The bottom dropped out of his stomach and the room spun. This was a certified nightmare, worse than losing his possessions in the first place. The hurt on Cori’s face. The terrible, misplaced guilt on her part he’d been praying to avoid.
What could he say? “Who told you? Six-Pack?” Immediately, he dismissed the notion. The lieutenant would never have broken his confidence. Eve, with her no-bullshit attitude and fiercely protective nature, was the more likely candidate.

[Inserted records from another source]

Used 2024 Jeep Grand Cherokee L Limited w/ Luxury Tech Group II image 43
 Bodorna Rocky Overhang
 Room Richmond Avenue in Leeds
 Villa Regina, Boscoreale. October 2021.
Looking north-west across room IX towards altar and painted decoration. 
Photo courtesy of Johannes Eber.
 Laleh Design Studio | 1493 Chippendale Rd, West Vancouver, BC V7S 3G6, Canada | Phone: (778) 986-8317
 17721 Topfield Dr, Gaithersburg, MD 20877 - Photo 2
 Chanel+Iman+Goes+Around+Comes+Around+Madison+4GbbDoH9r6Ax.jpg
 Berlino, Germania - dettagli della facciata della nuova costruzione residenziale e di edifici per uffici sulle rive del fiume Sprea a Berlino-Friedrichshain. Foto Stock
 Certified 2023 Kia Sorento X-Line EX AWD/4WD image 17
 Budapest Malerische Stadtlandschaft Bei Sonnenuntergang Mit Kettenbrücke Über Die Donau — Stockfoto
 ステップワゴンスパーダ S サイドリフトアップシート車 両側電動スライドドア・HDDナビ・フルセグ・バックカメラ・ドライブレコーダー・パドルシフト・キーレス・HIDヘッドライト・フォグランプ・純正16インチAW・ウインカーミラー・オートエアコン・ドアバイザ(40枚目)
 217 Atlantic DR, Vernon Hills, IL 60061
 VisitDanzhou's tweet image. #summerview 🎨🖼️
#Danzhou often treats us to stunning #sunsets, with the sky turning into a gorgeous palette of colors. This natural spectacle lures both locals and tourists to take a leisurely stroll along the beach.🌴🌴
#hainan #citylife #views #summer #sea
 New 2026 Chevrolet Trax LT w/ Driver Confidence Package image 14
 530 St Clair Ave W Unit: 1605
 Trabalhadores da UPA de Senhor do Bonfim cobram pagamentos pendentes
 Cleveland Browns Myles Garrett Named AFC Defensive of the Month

“Doesn’t matter. The point is,
you
should have.”
“Oh, right. I was really going to dump your brother’s role in my problems on you after the heartwarming family portrait you painted at dinner the other night.”
“What
is
his role? How did the two of you meet?”
“We didn’t. I should back up.” Zack pushed to a sitting position, ignoring the stab of pain in his skull. This wasn’t a conversation he wanted to have at all, much less lying down.
“My father was a compulsive gambler, an addict. As a kid, I didn’t understand why we’d eat steak one week, beans and franks the next. His horrible mood swings, why his criticism of me would change from bearable to a blade cutting me to the bone in a flash.”
“He used you as a whipping boy for his own failings.”
“I’d figured out that much by around age thirteen, just not why. I thought there must’ve been something wrong with me and if I could fix it, he’d love me the way other fathers did their sons. By the time I graduated high school, I’d learned nothing I ever did would please him and I’d gotten wise to his gambling addiction. I came to terms with the knowledge I’d never be able to fix either of those things, and followed my own path. I moved on, and he resented the hell out of it.”